O que é o Mediterrâneo? Mil coisas ao mesmo tempo. Não uma paisagem, mas inúmeras paisagens. Não um mar, mas uma sucessão de mares. Não uma civilização, mas civilizações sobrepostas umas às outras. Viajar pelo Mediterrâneo é encontrar o mundo romano no Líbano, a pré-história na Sardenha, as cidades gregas na Sicília, a presença árabe na Espanha, o Islã na Iugoslávia. É mergulhar nas profundezas dos séculos, até as construções megalíticas de Malta ou até as pirâmides do Egito (…) É, ao mesmo tempo, imergir no arcaísmo dos mundos insulares e surpreender-se diante da extrema juventude das cidades muito antigas, abertas a todos os ventos da cultura e do lucro e que, há séculos vigiam e comem o mar.

(Fernand Braudel)

Mediterrâneo Magreb é o moçárabe na civilização do açúcar

O viajante que chega ao Recife por mar, ou de trem, não é recebido por uma cidade escancarada à sua admiração (…) Com o recato quase mourisco do Recife, cidade acanhada, escondendo-se por trás dos coqueiros; e angulosa, as igrejas magras, os sobrados estreitos, alguns, ainda hoje, com quartinhas às janelas, com gaiolas de passarinhos, de papagaios e até de araras, junto às varandas de ferro rendilhado (…).”

(Freyre, Gilberto. Guia prático, histórico e sentimental do Recife)

 

Profundamente moçárabe, esse Recife ibérico manteve muitos modos do, então, Califado do Córdoba, sul da Espanha.

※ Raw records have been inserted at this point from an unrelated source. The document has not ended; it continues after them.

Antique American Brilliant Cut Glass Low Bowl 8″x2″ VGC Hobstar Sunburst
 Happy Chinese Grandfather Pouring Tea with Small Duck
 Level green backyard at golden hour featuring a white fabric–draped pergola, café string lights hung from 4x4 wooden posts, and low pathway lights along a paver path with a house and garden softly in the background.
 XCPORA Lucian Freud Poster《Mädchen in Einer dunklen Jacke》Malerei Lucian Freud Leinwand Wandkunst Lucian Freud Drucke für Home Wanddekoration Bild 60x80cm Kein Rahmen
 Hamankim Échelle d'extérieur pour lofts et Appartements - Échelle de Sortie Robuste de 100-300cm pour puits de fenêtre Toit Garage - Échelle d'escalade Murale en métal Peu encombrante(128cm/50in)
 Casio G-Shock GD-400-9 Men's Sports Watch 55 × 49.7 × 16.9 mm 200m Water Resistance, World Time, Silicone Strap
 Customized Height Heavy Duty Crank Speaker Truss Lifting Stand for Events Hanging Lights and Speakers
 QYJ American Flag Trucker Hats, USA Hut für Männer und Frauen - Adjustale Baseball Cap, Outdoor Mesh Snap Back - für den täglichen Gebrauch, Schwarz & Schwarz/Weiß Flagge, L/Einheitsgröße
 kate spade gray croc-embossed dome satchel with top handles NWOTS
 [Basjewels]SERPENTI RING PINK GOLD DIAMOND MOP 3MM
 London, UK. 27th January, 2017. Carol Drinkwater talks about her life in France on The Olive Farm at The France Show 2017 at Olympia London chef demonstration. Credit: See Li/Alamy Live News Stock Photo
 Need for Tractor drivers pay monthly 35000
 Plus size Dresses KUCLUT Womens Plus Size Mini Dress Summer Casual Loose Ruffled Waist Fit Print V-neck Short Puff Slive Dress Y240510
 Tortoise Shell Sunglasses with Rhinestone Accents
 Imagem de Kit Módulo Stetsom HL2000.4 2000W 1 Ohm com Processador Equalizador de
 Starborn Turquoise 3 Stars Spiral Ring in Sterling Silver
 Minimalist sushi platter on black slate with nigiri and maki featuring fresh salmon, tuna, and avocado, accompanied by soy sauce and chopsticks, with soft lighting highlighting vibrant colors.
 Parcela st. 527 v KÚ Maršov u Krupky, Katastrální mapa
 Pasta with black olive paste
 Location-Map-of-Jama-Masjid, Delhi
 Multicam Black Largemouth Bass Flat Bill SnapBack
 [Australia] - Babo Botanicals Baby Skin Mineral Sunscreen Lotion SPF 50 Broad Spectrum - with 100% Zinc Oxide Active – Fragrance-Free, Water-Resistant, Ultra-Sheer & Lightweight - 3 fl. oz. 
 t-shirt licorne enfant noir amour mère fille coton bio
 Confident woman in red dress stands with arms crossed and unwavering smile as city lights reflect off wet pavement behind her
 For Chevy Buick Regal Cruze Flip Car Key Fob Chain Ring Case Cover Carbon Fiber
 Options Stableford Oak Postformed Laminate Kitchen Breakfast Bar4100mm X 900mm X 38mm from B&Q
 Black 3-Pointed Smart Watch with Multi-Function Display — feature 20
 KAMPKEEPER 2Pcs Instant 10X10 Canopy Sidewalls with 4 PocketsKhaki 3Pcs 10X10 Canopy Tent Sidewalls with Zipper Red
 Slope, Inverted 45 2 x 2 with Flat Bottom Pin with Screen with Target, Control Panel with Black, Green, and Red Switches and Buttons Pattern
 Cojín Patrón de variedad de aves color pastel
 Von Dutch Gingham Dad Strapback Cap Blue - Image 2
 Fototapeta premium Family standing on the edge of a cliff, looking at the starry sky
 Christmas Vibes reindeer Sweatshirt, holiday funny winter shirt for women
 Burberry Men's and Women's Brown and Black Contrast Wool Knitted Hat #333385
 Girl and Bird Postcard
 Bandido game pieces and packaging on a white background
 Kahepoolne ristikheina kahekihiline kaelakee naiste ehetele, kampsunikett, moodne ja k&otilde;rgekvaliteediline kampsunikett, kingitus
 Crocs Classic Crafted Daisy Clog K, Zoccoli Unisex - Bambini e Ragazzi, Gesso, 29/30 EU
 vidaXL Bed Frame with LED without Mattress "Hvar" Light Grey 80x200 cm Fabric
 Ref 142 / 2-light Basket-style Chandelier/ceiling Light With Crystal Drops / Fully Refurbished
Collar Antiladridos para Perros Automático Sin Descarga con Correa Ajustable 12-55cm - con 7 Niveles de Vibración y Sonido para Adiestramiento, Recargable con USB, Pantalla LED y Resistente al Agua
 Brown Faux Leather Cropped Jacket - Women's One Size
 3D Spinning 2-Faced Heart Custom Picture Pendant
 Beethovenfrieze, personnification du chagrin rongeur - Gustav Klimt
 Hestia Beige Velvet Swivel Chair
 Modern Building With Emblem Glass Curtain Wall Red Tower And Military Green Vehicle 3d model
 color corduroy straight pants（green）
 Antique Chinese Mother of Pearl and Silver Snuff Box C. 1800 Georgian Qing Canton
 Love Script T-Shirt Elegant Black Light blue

A mulher no islã é a mulher da casa, da comida, dos filhos e do marido. A casa protege. Quando em público, esta mulher se inunda de panos, pois, o corpo é tema da privacidade.

As cores sóbrias das senhoras, lusitanas e luso-brasileiras, quando publicamente seguiam para as missas, e outros acontecimentos como as grandes procissões, e entre elas a de Corpus Christi, certamente a mais teatral de todas, faziam apenas revelar, muitas vezes, chinelas de couro de ponta virada – à mourisca.

Ainda, as roupas de trabalho e do cotidiano dos escravos, pano alvejado, roupas aproveitadas dos senhores, ou então no tempo das festas, as roupas exibiam bordados e até joias, para os senhores exibirem o seu poder por meio das roupas especiais dos escravos da casa.

Sem dúvida, orientalismos fundamentais de imaginário barroco co-formador dessa roupa que no caso e de revelar o corpo.

 

Os trópicos áridos por exemplo, possuem uma tradição de ruas estreitas e de arcadas, ruas às vezes totalmente cobertas, proporcionando sombra e alívio contra o calor e a claridade.”

(Freyre, Gilberto. Novo Mundo nos Trópicos. P. 26)

 

Os panos protegem também do calor, criando entre o corpo e o pano uma temperatura mais amena, menor do que a externa. Daí as roupas dos povos dos desertos, em especial, dos que vivem próximo do Saara exibirem grande quantidade de panos, para assim melhor proteger, guardar o corpo do sol.

Mulher, no Brasil do século XIX, quase de burca, totalmente coberta, incógnita, sob o poder masculino na posse e na guarda da mulher branca.

Contudo, um poder foi exercido na casa, diga-se na casa grande do engenho, pela mulher. Estava no comando das cozinhas com as comidas e, em especial, os doces. Fazer doce, um predicativo de valorização extrema de uma mulher idealizada como pálida, frágil; mas que nem sempre apresentava o biotipo clássico de um ideal grego. Mulheres gordas, suando muito e comendo muito açúcar, com dentes também nem sempre para serem vistos.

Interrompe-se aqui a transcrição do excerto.